▶ **YOUR ASSIGNMENT**:
Copy nothing but the lines from the one containing "Medical artificial intelligence" through the last line of the entries below, exactly as written and without pictures.

▶ **EXTRACTED ENTRIES**:
##########

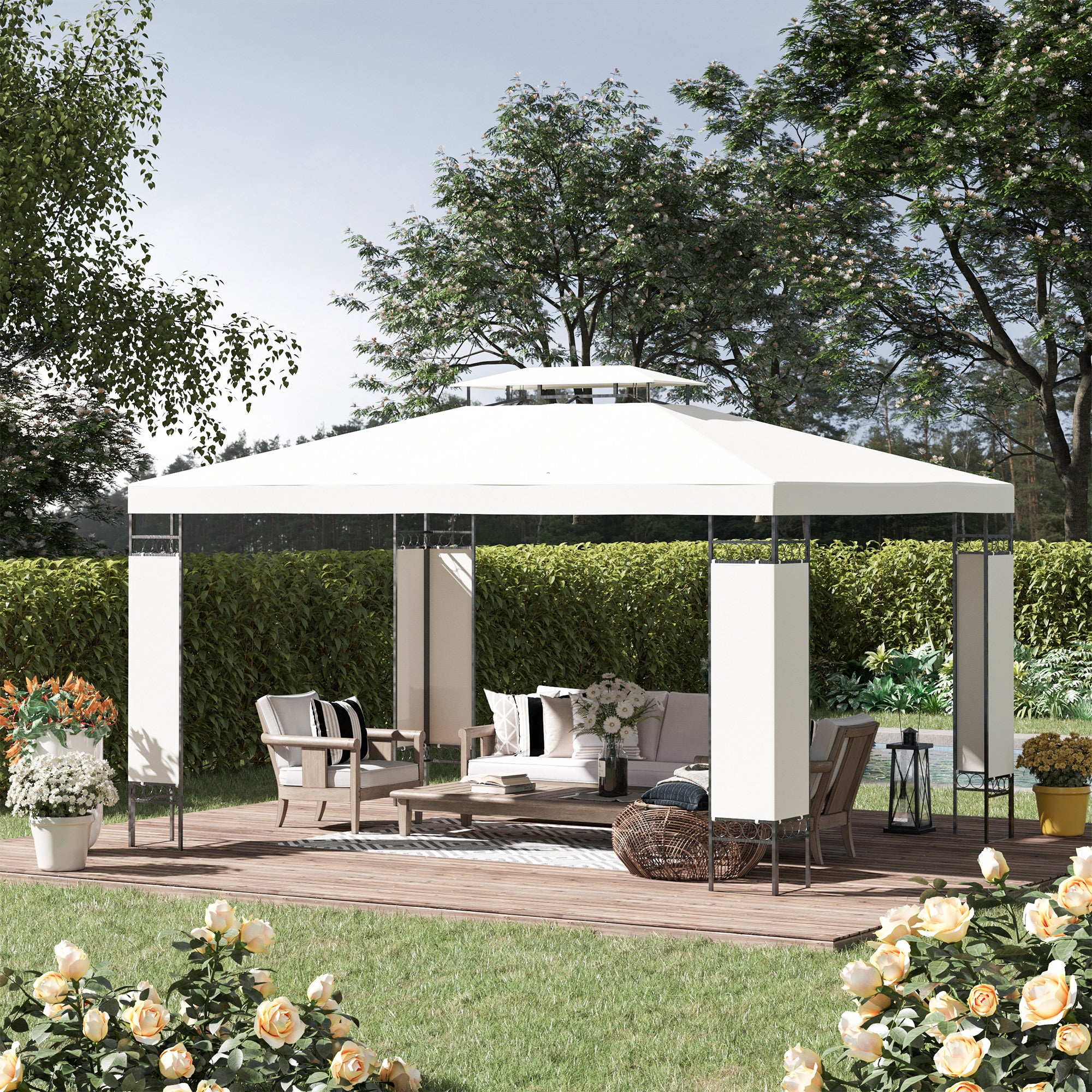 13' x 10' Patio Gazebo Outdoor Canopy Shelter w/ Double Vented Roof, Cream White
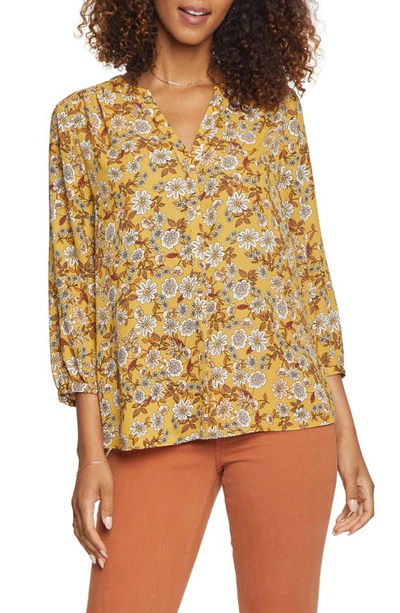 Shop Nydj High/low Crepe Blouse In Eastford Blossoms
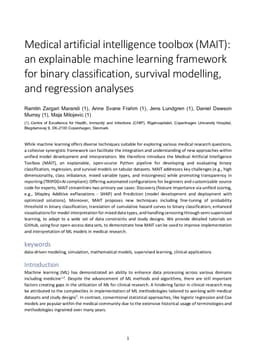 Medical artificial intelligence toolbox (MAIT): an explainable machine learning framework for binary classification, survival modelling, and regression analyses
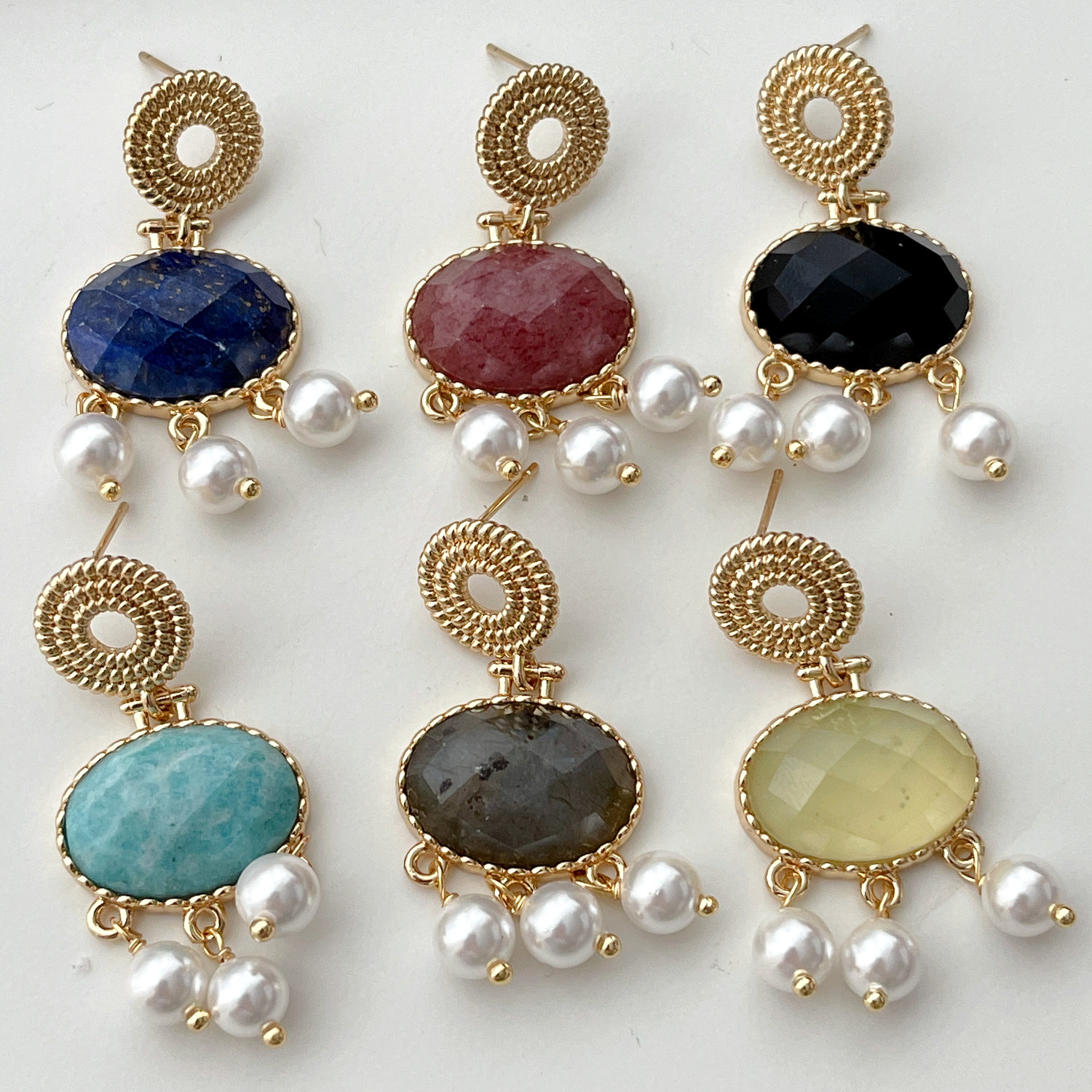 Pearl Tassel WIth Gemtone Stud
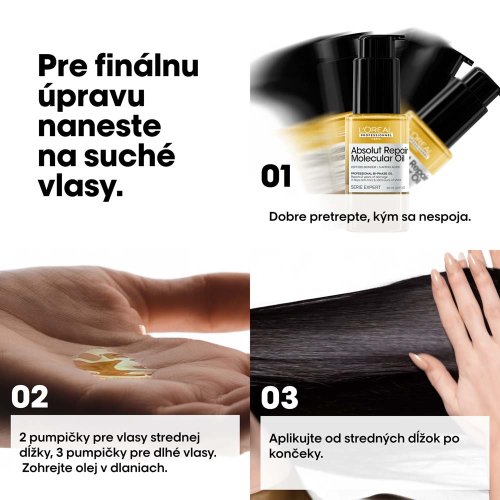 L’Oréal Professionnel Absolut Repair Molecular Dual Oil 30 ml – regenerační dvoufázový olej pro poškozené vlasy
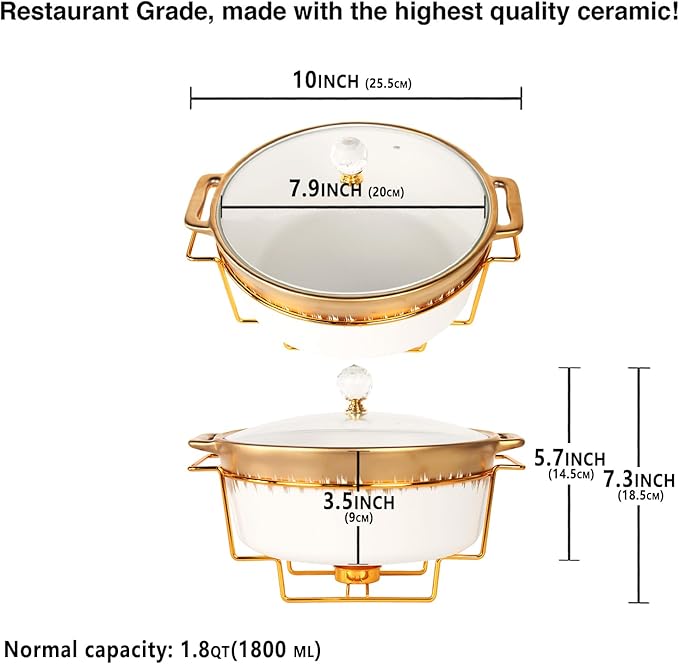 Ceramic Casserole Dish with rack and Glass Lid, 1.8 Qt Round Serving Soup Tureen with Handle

##########

▶ **EXERCISE RESPONSE**:
 Medical artificial intelligence toolbox (MAIT): an explainable machine learning framework for binary classification, survival modelling, and regression analyses
 Pearl Tassel WIth Gemtone Stud
 L’Oréal Professionnel Absolut Repair Molecular Dual Oil 30 ml – regenerační dvoufázový olej pro poškozené vlasy
 Ceramic Casserole Dish with rack and Glass Lid, 1.8 Qt Round Serving Soup Tureen with Handle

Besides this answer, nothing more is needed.